# Exercise description
Reproduce the entries shown below only from the line with "Carrie Underwood Instagram" down to the line with "miami Cream Textured", keeping both end lines and copying each one exactly.

[[ Records for processing, beginning ]]

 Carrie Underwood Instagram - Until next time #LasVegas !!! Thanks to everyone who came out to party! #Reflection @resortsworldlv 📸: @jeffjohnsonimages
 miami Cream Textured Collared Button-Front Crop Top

[[ Records for processing, end ]]
[[ Records for processing, beginning ]]

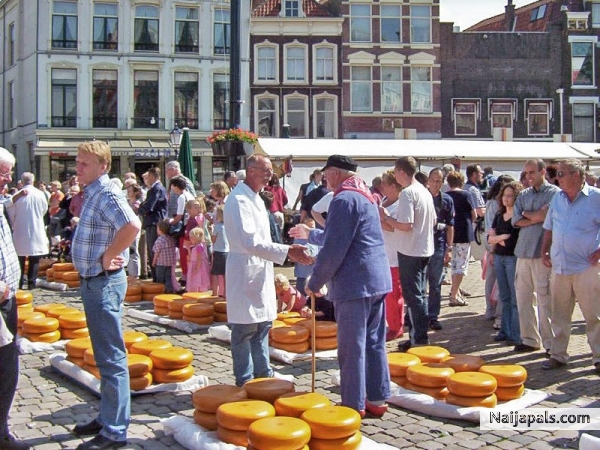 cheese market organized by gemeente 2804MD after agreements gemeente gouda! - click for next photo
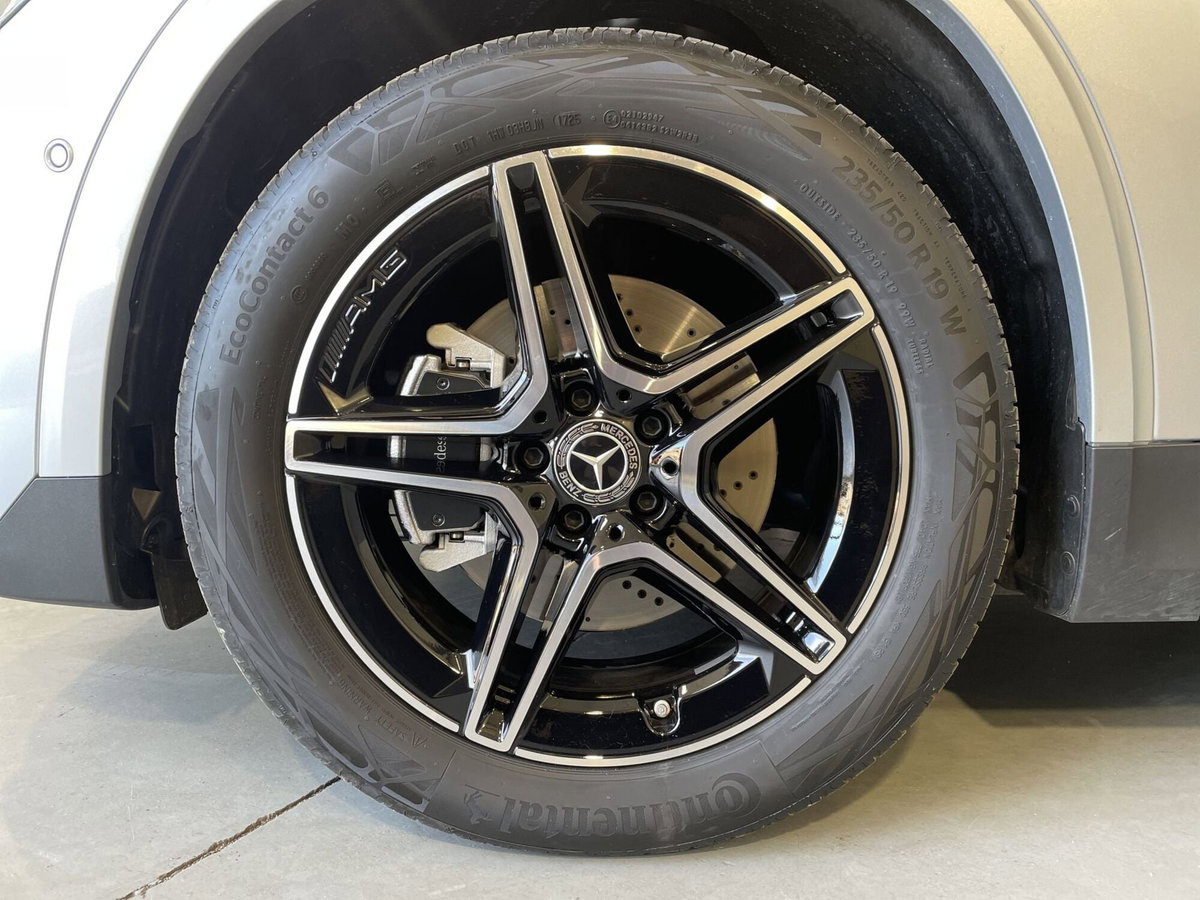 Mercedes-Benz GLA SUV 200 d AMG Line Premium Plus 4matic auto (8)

[[ Records for processing, end ]]

# Written response
 Carrie Underwood Instagram - Until next time #LasVegas !!! Thanks to everyone who came out to party! #Reflection @resortsworldlv 📸: @jeffjohnsonimages
 miami Cream Textured Collared Button-Front Crop Top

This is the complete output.